The events in Texas are an example of the global warming impacts that even investors have been trying to prepare for in recent years. Investment portfolios have started to model climate-related risks in a number of ways. In their analyses of the semiconductor market’s supply shortage, investment banks, for example, have included comments to the effect that Taiwan has not had enough typhoons to maintain the country’s water reservoir levels. In summer 2021, analyses have also included deliberations on coffee beans, as Brazil has been experiencing frost, as well as considerations of the risks that both real estate and other infrastructure have been exposed to due to the floods in Germany and China.

Whereas the impacts of climate change have already partly cleared a path to companies’ cash flow analyses, we are still light years away from taking the importance of biodiversity into account in equity analyses. High-level analyses indicate that more than half of the global gross domestic product is either partly or largely dependent on nature, which is why investors, too, should think about biodiversity.

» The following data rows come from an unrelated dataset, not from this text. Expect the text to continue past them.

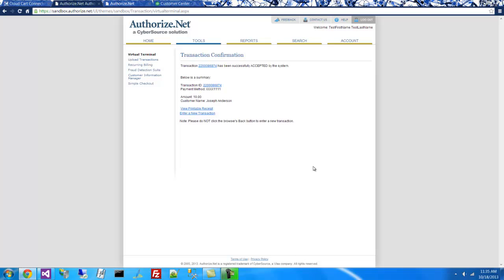And you should see in a moment that the transaction will appear in QuickBooks. It'll take a little while for our system to process it, so let's take a look.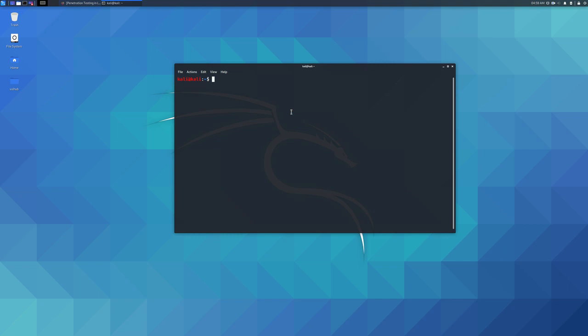If you want to check the last boot time of the Linux system, you can use the -b parameter of the who command, which can get the exact date and time through the terminal.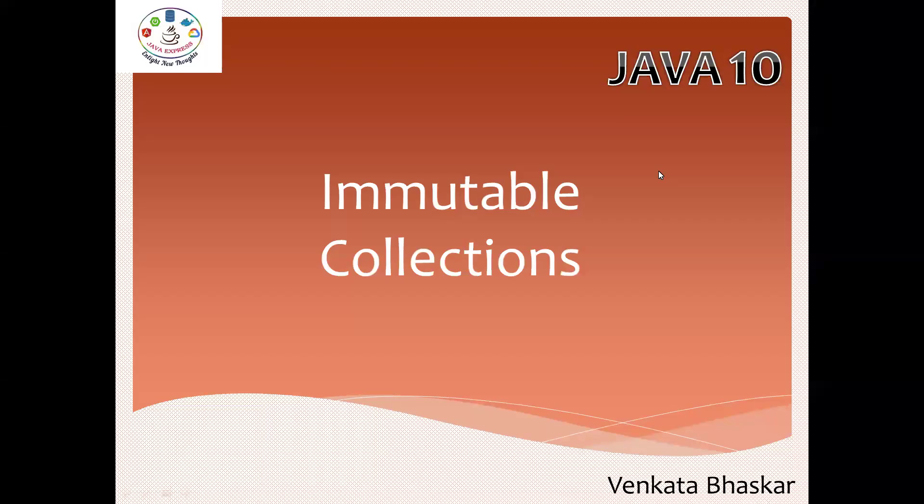Hi everyone, welcome to Java Express Academy. Until now we discussed two concepts: where keyword and optional API changes. Now this is another topic called immutable collections.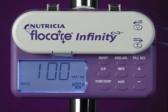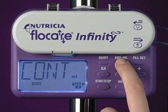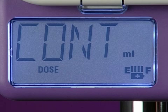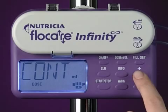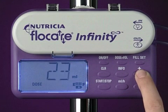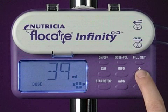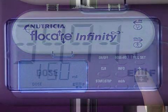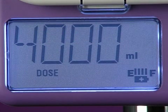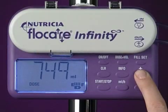After you've entered the flow rate, press the dose equals volume key. The abbreviation C-O-N-T will appear in the display, denoting continuous feeding. Using the plus and minus keys, enter the dose to be delivered. The range goes from 1 to 4,000 milliliters in 1 milliliter increments. Once you set the dose, press the start stop key as before.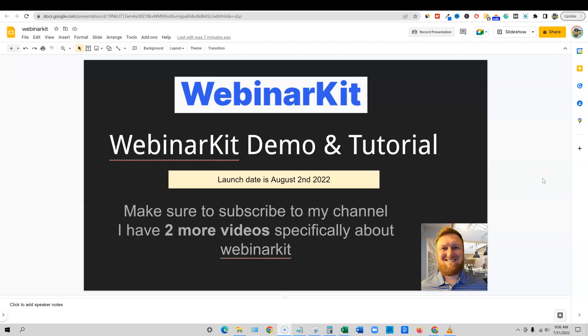Hello and welcome back to the channel. We are looking at WebinarKit. I'm doing a series of videos for the launch coming up on August 2nd, 2022. In this video, I'm going to be showing you the actual product. I've got logins to it. We're going to be doing a demo and a tutorial.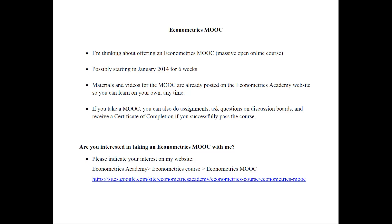They are not part of any university necessarily. I am thinking about offering one of these MOOCs, possibly starting in January of 2014 for about 6 to 8 weeks.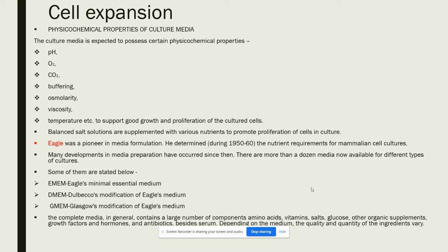Eagle was a pioneer in media formulation; he determined the nutrient requirements for mammalian cell culture. Many developments in media preparation have occurred since then. There are now more than a dozen media available for different types of culture. Some of them include EMEM (Eagle's Minimal Essential Medium), DMEM (Dulbecco's Modification of Eagle's Medium), and GMEM (Glasgow's Modification of Eagle's Medium).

But how can, say, high stumps, nest holes and willow tits be discounted in a cash-flow analysis? High stumps are man-made, standing tree stumps that are left to decay in the forest, as wind-felled stumps are a rare occurrence these days. The stumps begin to decay after a few years, at which point woodpeckers and tits can begin making nest holes in them. Willow tits in particular are highly threatened, as they are unable to find food in felled forests. High stumps and willow tits reinforce biodiversity, but the manner in which they financially affect forest owners and the national economy as a whole is absent from many calculations.

A single commensurable metric for natural capital or biodiversity is unlikely to be found, but that is no reason not to take the matter forward.

In order for high stumps and willow tits to be taken into account in analyses in the future, natural capital metrics must be devised for them. There are expectations that such metrics could be launched at the UN Biodiversity Conference to be held in Kunming, China, in October. Although the world is hardly likely to be ready for it even after that, perhaps investors will move forward in the debate about whether, for instance, the threatened willow tit should be modelled in the value chain and if yes, how? A single commensurable metric for natural capital or biodiversity is unlikely to be found, but that is no reason not to take the matter forward.